Oral Presentation Advances in Neuroblastoma Research Congress 2016

Engineered Neuroblastoma Cellular Immunotherapy (ENCIT)-01: A phase 1 study of autologous T-cells lentivirally transduced to express CD171-specific Chimeric Antigen Receptors (CAR) for recurrent/refractory high-risk neuroblastoma (HR-NB) (#105)

Julie R Park 1 , Annette Kuenkele 2 , Rebecca Gardner 1 , Olivia Finney 3 , Hannah Smithers 3 , Laura Finn 1 , Navin Pinto 1 , Christopher Brown 3 , Catherine Lindgren 3 , Assaf P Oron 4 , Michael C Jensen 3
  1. University of Washington, Seattle Children's Hospital, Seattle, WA, United States
  2. Charité - University Hospital Berlin, Berlin, Germany
  3. Seattle Children's Research Institute, Ben Towne Center for Childhood Cancer Research, Seattle, WA, USA
  4. Seattle Children's Research Institute, Seattle, WA, USA

Background. Anti-ganglioside (GD2) antibody immunotherapy improves outcome for HR-NB but 35% of patients recur and off-tumor targeting of neuronal tissue may limit use of GD2 for novel immunotherapy such as CAR T cell therapy. L1-CAM (CD171) is expressed by neuroblastoma and mCE7 recognizes a tumor-specific glycosylated epitope of L1CAM, offering an alternative immunotherapy target for HR-NB.

Methods. Pts with recurrent HR-NB were enrolled to examine the safety and feasibility of administering autologous, peripheral blood (PB)-derived T cells genetically modified using a SIN lentiviral vector to express either scFv-IgG4hinge-CD28tm-4-1BB-zeta (second generation (2G)) or CD171-specific scFv-IgG4hinge-CD28tm/cyto-4-1BB-zeta) (third generation (3G)) CD171 (L1CAM)-specific CAR and the selection/suicide construct EGFRt. Patients received lymphodepleting chemotherapy followed by cryopreserved CD4/EGFRt+ and CD8/EGFRt+ CARs administered at a 1:1 ratio at each dose level. The MTD will be determined for each construct.

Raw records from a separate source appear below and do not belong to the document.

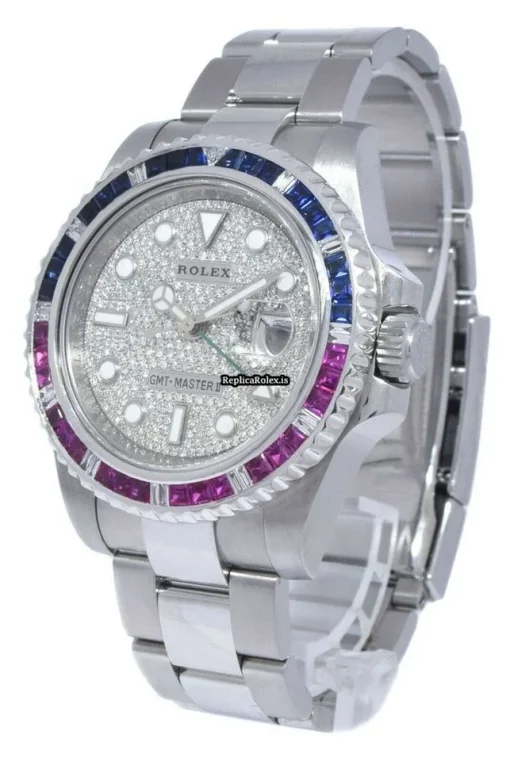 Recommend Replica Rolex Gmt-master II 116710 Automatic Movement 40mm Steel Case Watch - Image 3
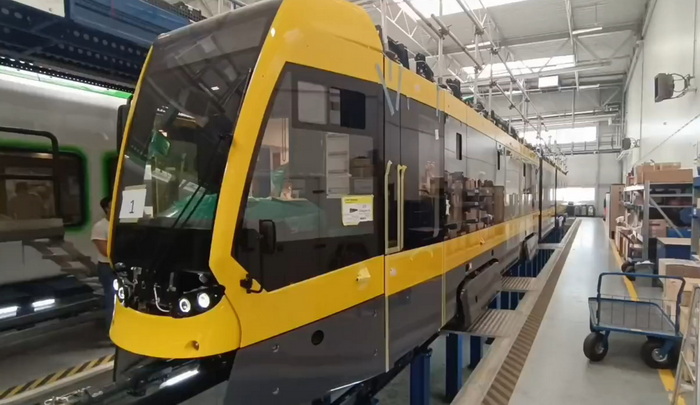 Šteta objavio snimak novog sarajevskog tramvaja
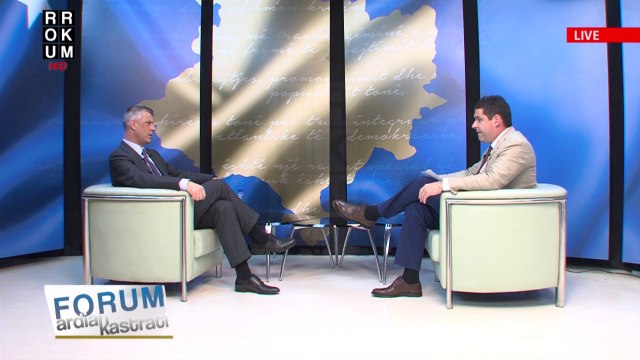 FORUM - HASHIM THACI, Kryeminister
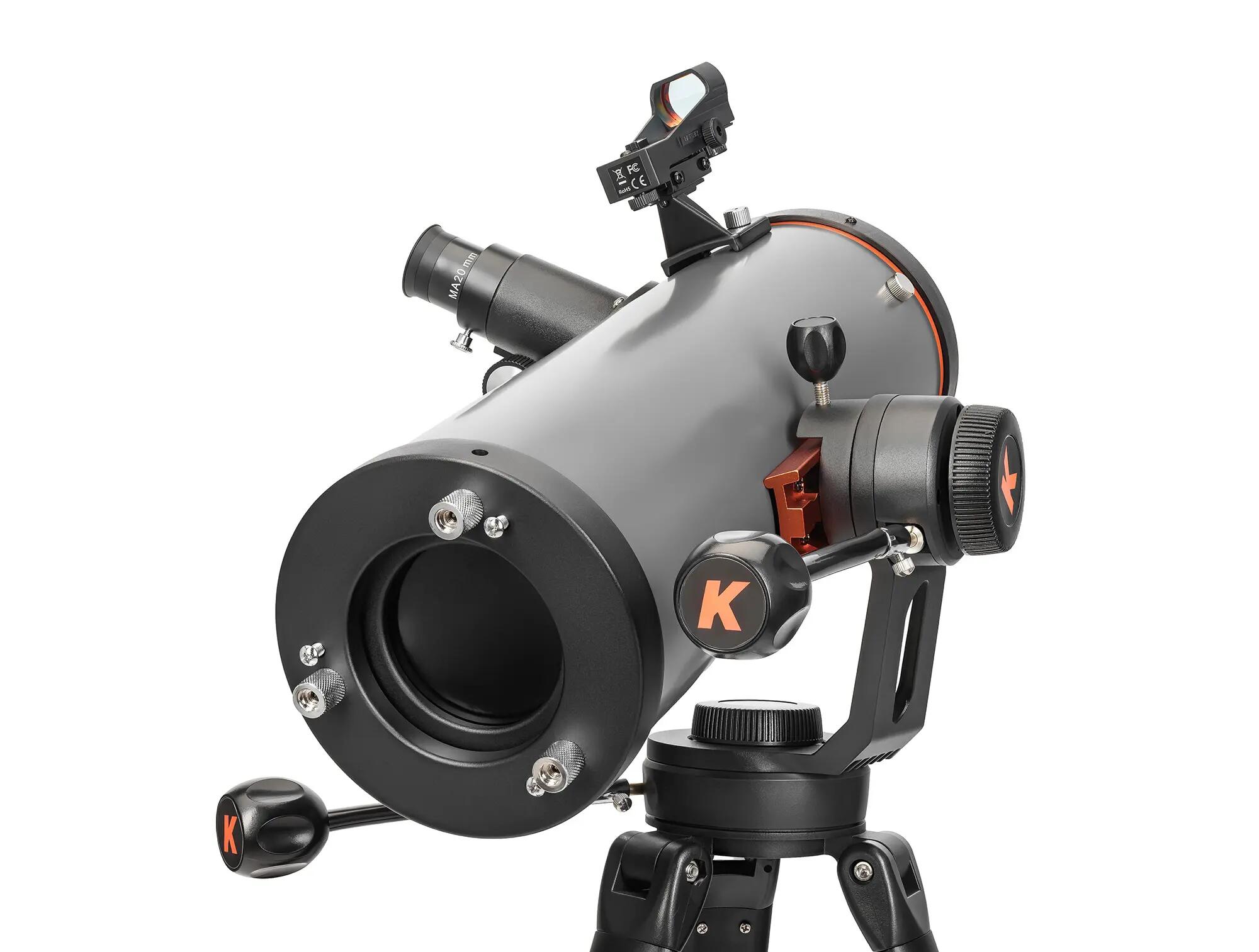 Fototelescopio Levenhuk Kelvin Nova PLUS 114/500 10/15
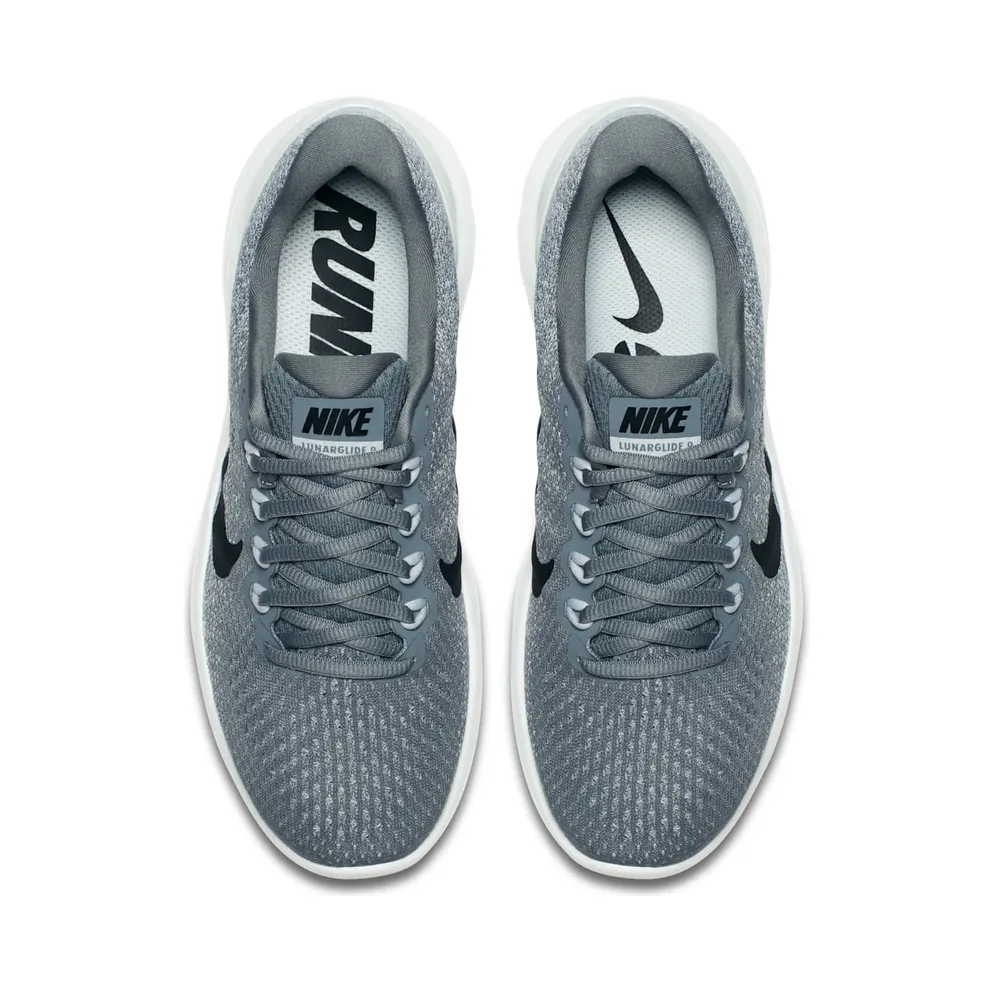 Nike Lunarglide 9 Cool Grey Black-Pure Platinum (W) (904716-002)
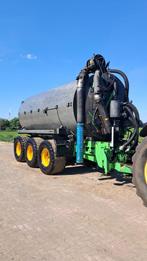 Joskin cargo 3 asser mesttank, Ophalen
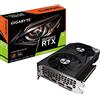 GIGABYTE RTX 3060 Ti WINDFORCE OC 8GB Scheda Grafica, GV-N306TWF2OC-8GD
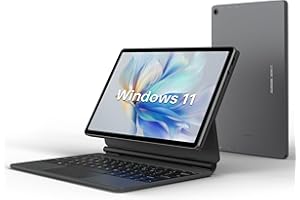 ALLDOCUBE Tablette Ordinateur 11 Pouces Écran de 2000x1200 IPS Tablette Windows 11 16Go RAM et 512Go SSD Ordinateur Tablette 2 en 1 Tablette Gaming Intel i5 avec WiFi Bluetooth 5.1 Micro HDMI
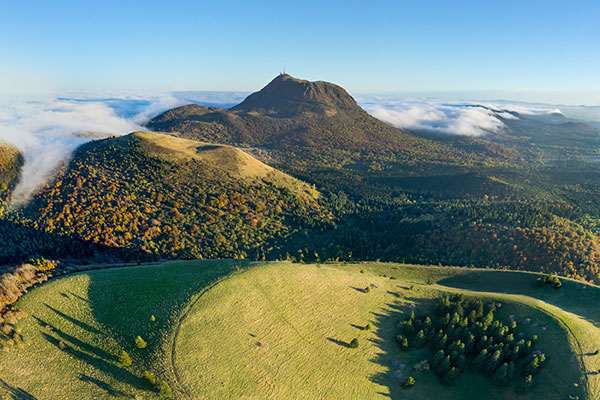 volcan auvergne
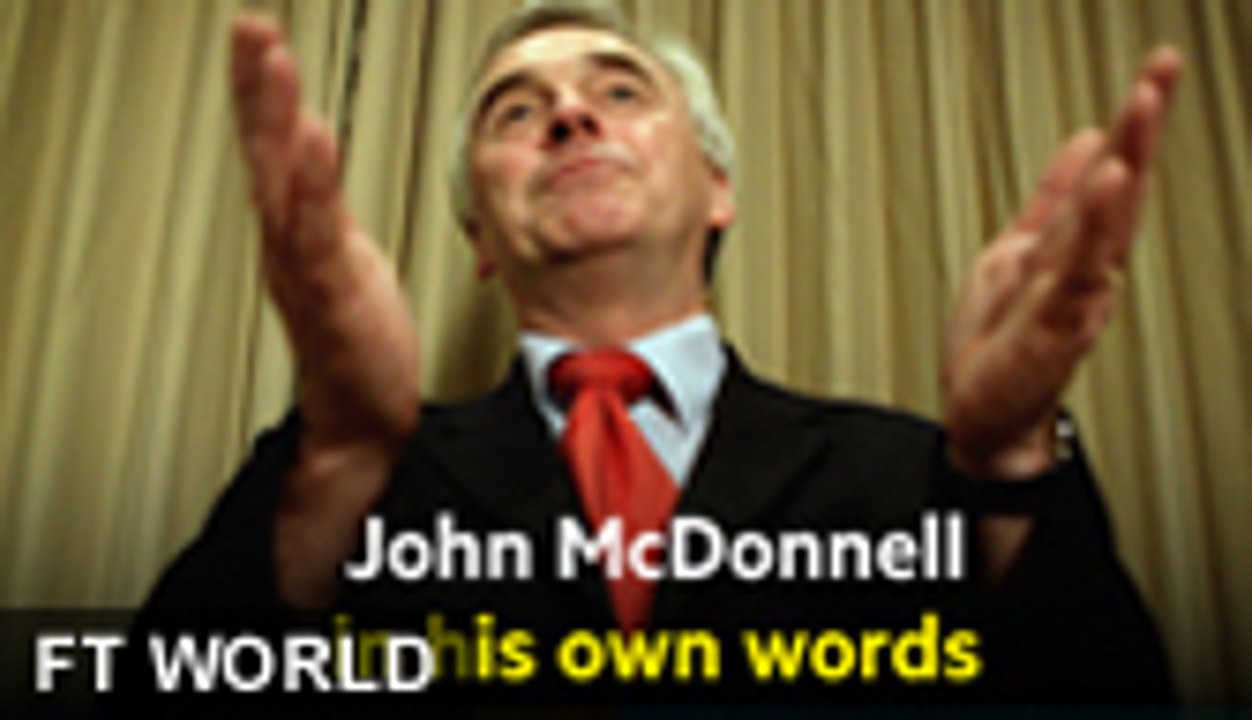 60 Seconds with John McDonnell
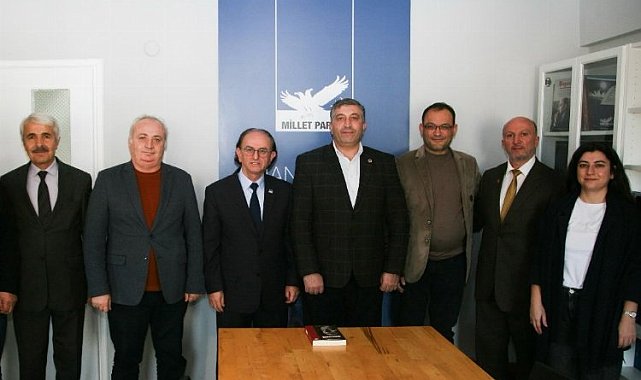Millet ile Saadet partileri Bursa'yı konuştu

Results. From 11/2014 through 1/2016, 14 patients enrolled with CAR manufacturing successful in 12 patients. Seven patients (8.3 years at enrollment; range 7.1-18.7) were treated at dose level 1 (1 X 106 CAR T cells/kg, n=3-2G and n=1-3G); dose level 2 (5 x 106 CAR T cells/kg, n=1-2G) and dose level 3 (1 x 107CAR T cells/kg, n=1-2G). No CAR-associated toxicities have occurred. CAR T cell persistence was not documented by multi-parameter flow evaluation at Dose Level 1. Minimal PB persistence (< 0.5%) was detected at Dose Level 2 while persistence testing is underway at Dose Level 3. No objective responses were observed, 3 pts had stable disease (range 12 – 18 weeks).

Conclusions. It is feasible to harvest and manufacture CAR T cells from heavily pre-treated pts with HR-NB. In contrast to experience with the use of CD19-CAR T cell therapy, the initially planned T cell infusion doses were insufficient to generate persistence in patients with solid tumors who do not have high burden for circulating antigen to stimulate T cell expansion. Higher cell dose cohorts and novel strategies to stimulate CAR expansion are underway.